Neelectric/Llama-3.1-8B-Instruct_SFT_sciencev00.12 is an 8 billion parameter instruction-tuned model, built upon Meta's Llama-3.1-8B-Instruct. It has been specifically fine-tuned by Neelectric using the TRL framework.

Key Capabilities

  • Enhanced Scientific Reasoning: The model's training on the Neelectric/wildguardmix_reasoning_Llama-3.1-8B-Instruct_4096toks_refusals_only dataset suggests an optimization for complex reasoning tasks, particularly within scientific or technical domains.
  • Refusal Handling: The training dataset's focus on "refusals_only" indicates an improved ability to handle and generate appropriate refusal responses, which can be crucial for safety and alignment in conversational AI.
  • Instruction Following: As an instruction-tuned model, it is designed to accurately follow user prompts and generate relevant outputs.

Training Details

This model was trained using Supervised Fine-Tuning (SFT) with the TRL library.
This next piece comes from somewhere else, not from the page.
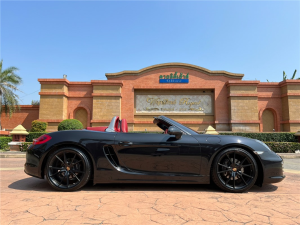 PORSCHE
The base model, Llama-3.1-8B-Instruct, provides a strong foundation for general language understanding and generation, which this fine-tuning process has specialized for scientific and reasoning-intensive applications.

Good For

  • Applications requiring robust reasoning in scientific or technical contexts.
  • Chatbots or agents where controlled and appropriate refusal behaviors are important.
  • Tasks benefiting from a model with a 32768 token context window for processing longer inputs.